Fars News 2009-08-14:
Russia to Hold North-South Transport Corridor Rally
TEHRAN (FNA)- The Republic of Kalmykia of the Russian Federation is slated to hold the International North-South Transport Corridor (INSTC) rally. A multi-modal transportation established by Iran, Russia and India in St. Petersburg in September 2000, the INSTC connects the Indian Ocean and the Persian Gulf to the Caspian Sea via Iran, which is then connected to St. Petersburg and North Europe via the Russian Federation, press tv reported.
The event, which is said to be a rival for the famous Paris-Dakar rally, will start next year with the aim of introducing and promoting the North-South Transport Corridor.
The INSTC was expanded to include eleven new members, namely Azerbaijan, Armenia, Kazakhstan, Kyrgyzstan, Tajikistan, Turkey, Ukraine, Belarus, Oman, Syria and Bulgaria.
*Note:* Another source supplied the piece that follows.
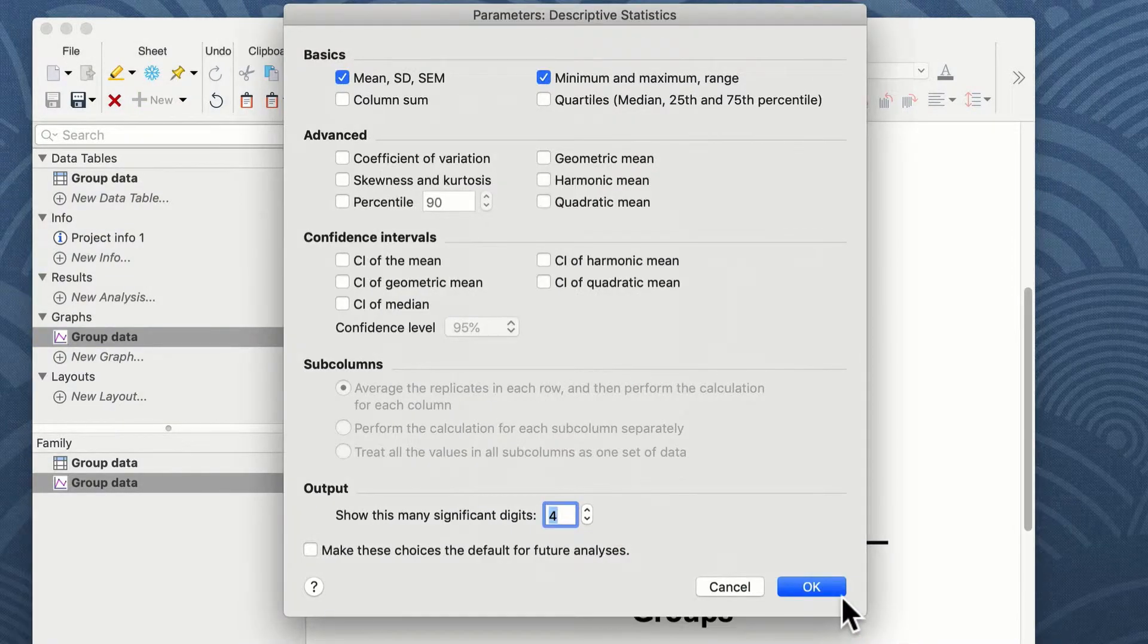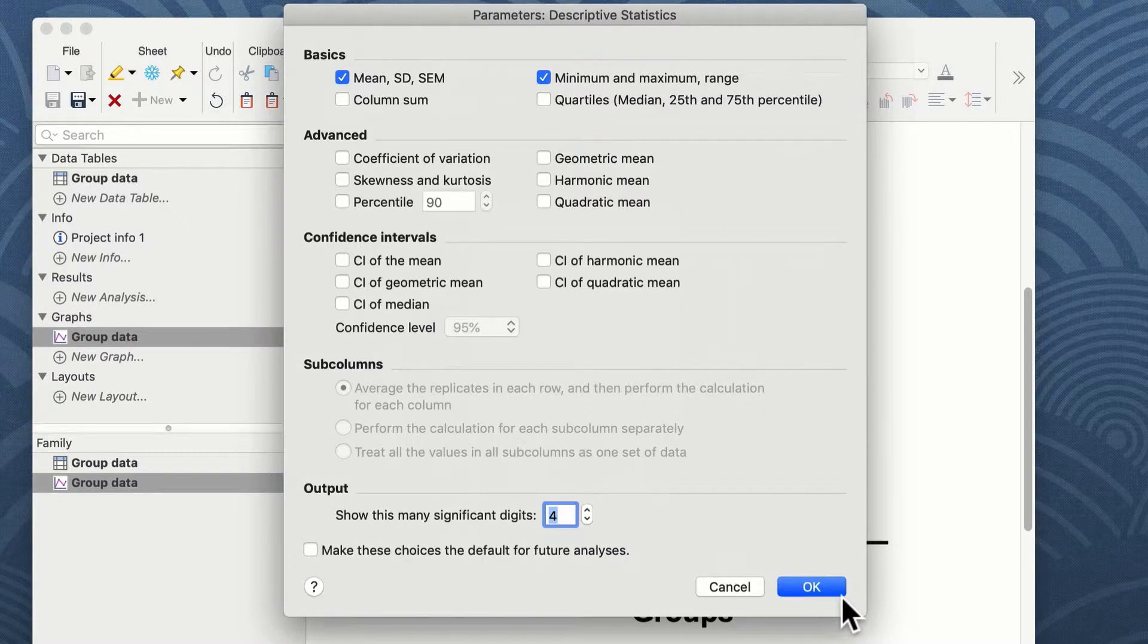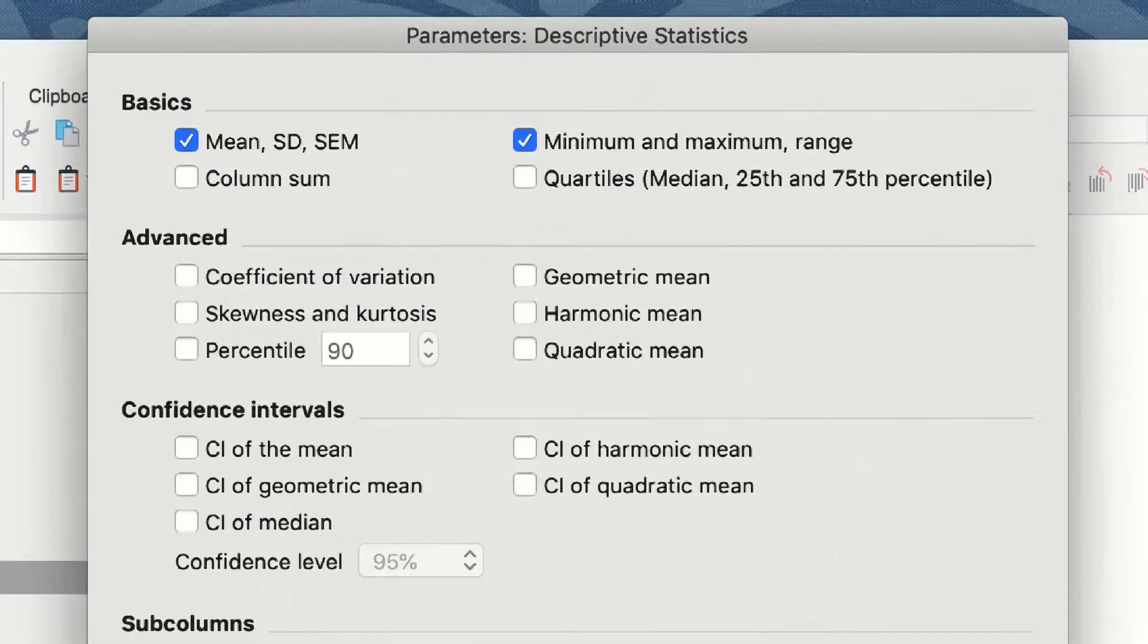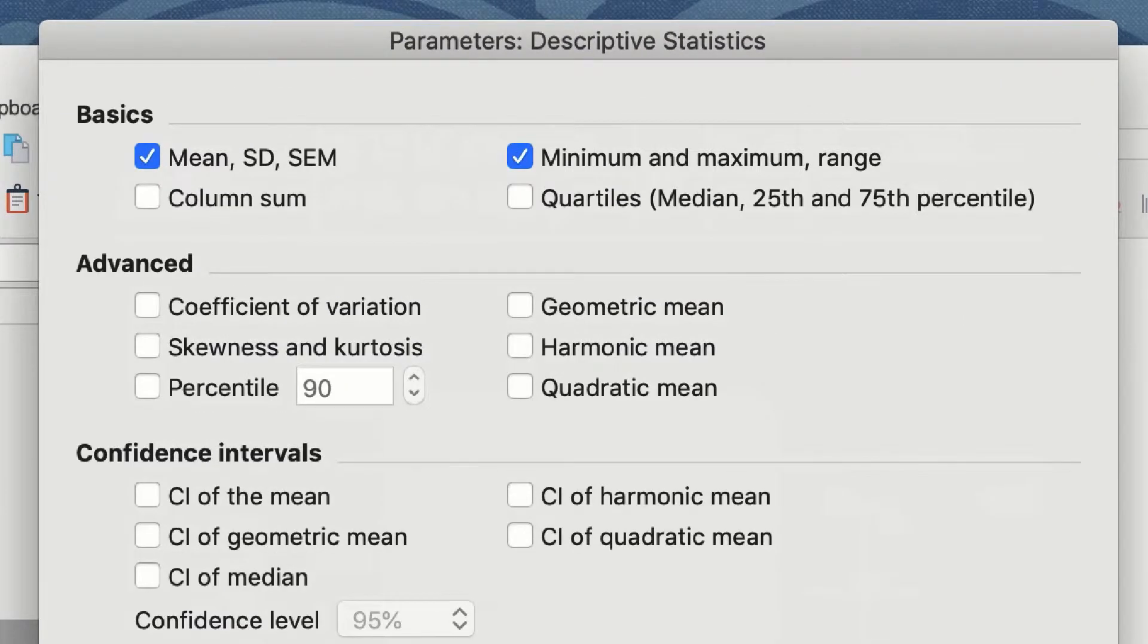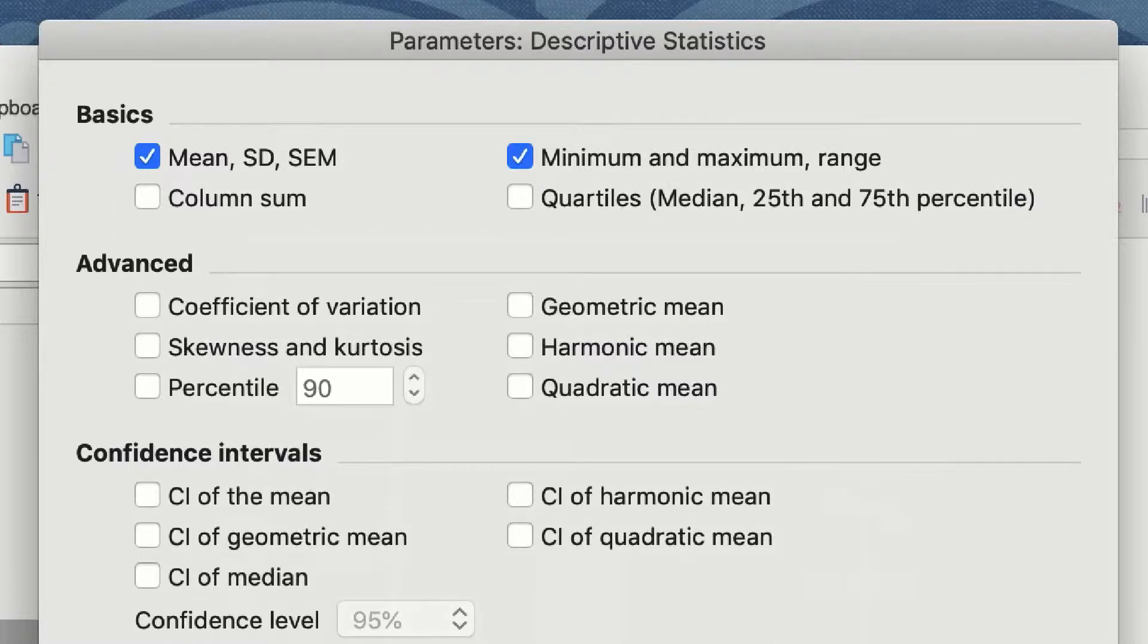The next window that appears are the parameters for your descriptive statistics. Prism offers a wide array of descriptive statistics that you can look at. By default, it highlights the mean, standard deviation, and standard error of the mean, as well as the minimum, maximum, and range of your data.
Introducing the Iran path as a safe transportation route from Asia to Europe and introducing the economical and commercial potentials of the countries along INSTC are among the other aims of the project.
Fars News 2009-06-05:
US Pressing Nabucco Scheme without IranTEHRAN (FNA)- The US announced that it does not support Iran’s involvement in the Nabucco gas pipeline until Tehran ‘changes its policies’. The US special envoy for Eurasian energy issues Richard Morningstar said that Iran can only join the gas pipeline undertaking after the normalization of ties between Tehran and Washington, press tv reported.
He told a group of reporters in Ankara on Thursday that inviting Iran to the project without a resolution to the standoff over its nuclear program could “have a negative effect.” “We don’t want to change our policy unless Iran changes its policy,” AP quoted Morningstar as saying.
The pipeline is to link the Caspian Sea region, the Middle East and Egypt to the European Union via Turkey. The Nabucco consortium, which aims at decreasing Europe’s dependence on Russian natural gas, has been unable to find sufficient gas supplies necessary for the feasibility of the project.
Turkey, which is a member of the consortium, has repeatedly voiced its support for Iran’s involvement in the project.
So. That’s some of what I’ve read about this subject today, all from non-western news media sources. Maybe natural disasters, economic worries and Iranian uranium-enrichment facilities aren’t deliberate smokescreens. But the absence of western news about these multi-faceted, multi-nation Caspian Sea developments makes me curious.